The intent is to diversify housing options across the region and increase supply. The practical reality, as Lodge Street residents describe it, is that the policy can apply those same standards to narrow residential streets with limited infrastructure, tight parking and established neighbourhood characters that were never designed to accommodate the scale of development the policy now permits.
A Cul-de-Sac Doing the Maths
For Beth, one of the Lodge Street residents who has spoken out against the proposal, the numbers are straightforward and alarming. A 10-apartment development would add 30 per cent more households to the cul-de-sac alone. The excavation required for the basement car park would displace the equivalent of two Olympic swimming pools worth of sandstone, and removing it would mean approximately 1,000 truck movements on a street that already has cars parked on both sides and serves as a regular cycling route for local school children.

Beyond the construction phase, residents raise concerns about native and other established trees being removed as part of the proposal, and about apartment windows positioned to look directly into neighbouring gardens, fundamentally altering the privacy of homes that have long relied on the street’s modest scale and mature vegetation for that quality of life.
Resident Beres raises a longer-term concern that sits beyond the immediate proposal. The development, she notes, appears targeted at the high end of the market, with many dwellings across the broader LMR applications described in planning documents as luxury. As Lodge Street’s established demographic ages and families with school-age children find themselves reconsidering their futures there, the question of what happens to local school enrolments over time is one nobody has yet answered.
The Knock-On Effects Are Already Showing
The anxiety goes beyond what might be built. Karen, another Lodge Street resident, describes the human cost of the uncertainty already underway: one family has sold their home since the application was lodged, a second property has gone on the market, and a single mother has indicated she may need to leave the street over concerns about the health impact of sustained excavation dust on her and her children.
That pattern has a precedent elsewhere on the Northern Beaches. At 94 and 96 Park Street and 4 Kunari Place in Mona Vale, a similar situation played out when the Land and Environment Court upheld a developer’s appeal and approved 27 apartments, overriding earlier local planning authority recommendations.
For Lodge Street residents watching that outcome, it reinforces the anxiety that local objections and recommendations, however numerous and well-reasoned, may ultimately carry limited weight when developers pursue legal avenues.
The local planning authority did not support the Lodge/Griffiths Street DA in its current form, citing neighbourhood character considerations and the concern that approving it as submitted would set a precedent that, if replicated across similar sites, would produce unacceptable cumulative outcomes. The recommendation was to halve the development to five units.

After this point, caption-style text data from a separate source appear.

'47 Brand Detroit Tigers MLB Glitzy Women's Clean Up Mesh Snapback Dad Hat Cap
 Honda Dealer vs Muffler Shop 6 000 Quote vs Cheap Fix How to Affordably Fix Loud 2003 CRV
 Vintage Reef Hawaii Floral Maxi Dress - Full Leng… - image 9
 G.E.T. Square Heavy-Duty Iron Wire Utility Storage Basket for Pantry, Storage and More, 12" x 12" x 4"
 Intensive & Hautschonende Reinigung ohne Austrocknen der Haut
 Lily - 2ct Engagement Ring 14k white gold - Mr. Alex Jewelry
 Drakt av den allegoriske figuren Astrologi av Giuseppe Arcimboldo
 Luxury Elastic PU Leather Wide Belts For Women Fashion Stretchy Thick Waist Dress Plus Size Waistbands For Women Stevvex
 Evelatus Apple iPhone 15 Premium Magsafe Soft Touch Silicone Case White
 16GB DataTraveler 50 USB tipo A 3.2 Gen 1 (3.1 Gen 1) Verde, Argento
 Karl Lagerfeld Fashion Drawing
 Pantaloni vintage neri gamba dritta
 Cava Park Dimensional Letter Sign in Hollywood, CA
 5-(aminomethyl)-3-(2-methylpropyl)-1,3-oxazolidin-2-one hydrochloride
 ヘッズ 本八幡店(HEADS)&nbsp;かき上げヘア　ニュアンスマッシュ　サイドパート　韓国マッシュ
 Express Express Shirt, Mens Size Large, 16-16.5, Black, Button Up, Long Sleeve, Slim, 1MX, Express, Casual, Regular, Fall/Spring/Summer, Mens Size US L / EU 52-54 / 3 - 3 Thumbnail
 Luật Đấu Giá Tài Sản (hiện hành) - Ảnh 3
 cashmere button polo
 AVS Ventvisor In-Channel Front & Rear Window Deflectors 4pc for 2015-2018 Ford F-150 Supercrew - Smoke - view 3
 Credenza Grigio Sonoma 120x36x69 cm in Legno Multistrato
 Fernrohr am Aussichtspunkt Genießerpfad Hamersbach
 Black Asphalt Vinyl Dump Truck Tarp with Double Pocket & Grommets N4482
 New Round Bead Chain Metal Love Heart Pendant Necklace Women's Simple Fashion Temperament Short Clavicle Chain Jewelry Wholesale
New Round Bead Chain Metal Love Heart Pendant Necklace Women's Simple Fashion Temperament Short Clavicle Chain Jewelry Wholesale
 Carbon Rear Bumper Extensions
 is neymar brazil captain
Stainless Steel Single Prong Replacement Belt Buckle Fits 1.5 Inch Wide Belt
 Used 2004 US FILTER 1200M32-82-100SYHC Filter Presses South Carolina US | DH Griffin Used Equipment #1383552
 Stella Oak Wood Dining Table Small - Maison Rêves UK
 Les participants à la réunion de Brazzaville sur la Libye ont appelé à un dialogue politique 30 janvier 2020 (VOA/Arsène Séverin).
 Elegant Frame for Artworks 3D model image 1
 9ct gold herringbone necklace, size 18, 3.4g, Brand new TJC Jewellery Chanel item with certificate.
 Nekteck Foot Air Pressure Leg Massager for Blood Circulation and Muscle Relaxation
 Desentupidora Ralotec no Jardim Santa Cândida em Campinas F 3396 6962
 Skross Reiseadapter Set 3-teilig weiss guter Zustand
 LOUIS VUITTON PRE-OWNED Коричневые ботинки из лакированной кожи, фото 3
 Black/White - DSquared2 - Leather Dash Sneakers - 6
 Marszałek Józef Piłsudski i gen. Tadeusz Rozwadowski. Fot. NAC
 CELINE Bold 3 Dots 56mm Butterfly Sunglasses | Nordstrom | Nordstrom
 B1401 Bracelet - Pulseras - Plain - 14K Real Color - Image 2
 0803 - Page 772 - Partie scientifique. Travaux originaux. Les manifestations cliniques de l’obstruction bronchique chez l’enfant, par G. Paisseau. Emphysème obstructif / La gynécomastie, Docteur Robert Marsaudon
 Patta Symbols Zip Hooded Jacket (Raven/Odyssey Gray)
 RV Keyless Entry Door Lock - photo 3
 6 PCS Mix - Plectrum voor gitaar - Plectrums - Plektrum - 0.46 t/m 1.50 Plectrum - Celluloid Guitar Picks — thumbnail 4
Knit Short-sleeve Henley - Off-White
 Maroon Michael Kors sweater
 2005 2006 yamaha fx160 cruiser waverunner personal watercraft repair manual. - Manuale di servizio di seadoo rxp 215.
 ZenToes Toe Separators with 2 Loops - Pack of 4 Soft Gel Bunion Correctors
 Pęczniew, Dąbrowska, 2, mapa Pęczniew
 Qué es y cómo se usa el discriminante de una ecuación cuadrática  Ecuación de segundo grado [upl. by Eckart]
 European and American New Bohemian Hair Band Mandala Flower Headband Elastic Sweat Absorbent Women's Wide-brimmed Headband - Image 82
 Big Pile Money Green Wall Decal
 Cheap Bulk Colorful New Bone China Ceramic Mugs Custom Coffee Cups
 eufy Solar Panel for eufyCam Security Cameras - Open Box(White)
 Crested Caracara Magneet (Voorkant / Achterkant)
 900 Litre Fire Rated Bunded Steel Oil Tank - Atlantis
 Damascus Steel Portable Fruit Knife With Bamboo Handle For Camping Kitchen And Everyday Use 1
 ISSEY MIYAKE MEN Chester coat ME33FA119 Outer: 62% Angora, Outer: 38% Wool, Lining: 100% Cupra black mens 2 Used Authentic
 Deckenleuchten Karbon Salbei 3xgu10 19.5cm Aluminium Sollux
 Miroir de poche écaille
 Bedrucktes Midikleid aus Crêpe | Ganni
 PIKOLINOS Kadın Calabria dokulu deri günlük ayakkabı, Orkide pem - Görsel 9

Developers have since appealed that recommendation.
The Affordability Question Nobody Can Sidestep
Running alongside the character and amenity debate is a more uncomfortable question about what the LMR policy is actually delivering for housing need. Of the almost 200 dwellings submitted under LMR applications across the Northern Beaches since February 2025, only two are identified as affordable housing within the planning documents. The rest range from townhouses to boutique apartment blocks, with many described within their own documents as luxury product.
Local representatives have been vocal about the gap between the policy’s stated goal of diversifying housing and the reality of what is being built. They point to public transport as a structural constraint that makes large-scale residential densification on the Northern Beaches particularly problematic: the peninsula has two roads in and out, and neither the road network nor the public transport system has been upgraded to match the scale of additional residents the policy is expected to bring.
The question of how to incentivise genuinely affordable housing in a market where developers can simply redirect capital to less constrained locations is one the Northern Beaches has already seen play out in Frenchs Forest. Four years after the Frenchs Forest 2041 Place Strategy was adopted, the suburb has seen little residential building despite development approval for 239 apartments.
Developers indicated that affordable housing contribution requirements made those projects financially unviable, and investment moved elsewhere. A proposed three per cent affordable housing contribution on new residential development within town centres is currently awaiting approval before it can take effect.
Residents who wish to follow DA2025/1885 at 35 Lodge Street and 138 Griffiths Street, Balgowlah can track it via the Northern Beaches planning portal.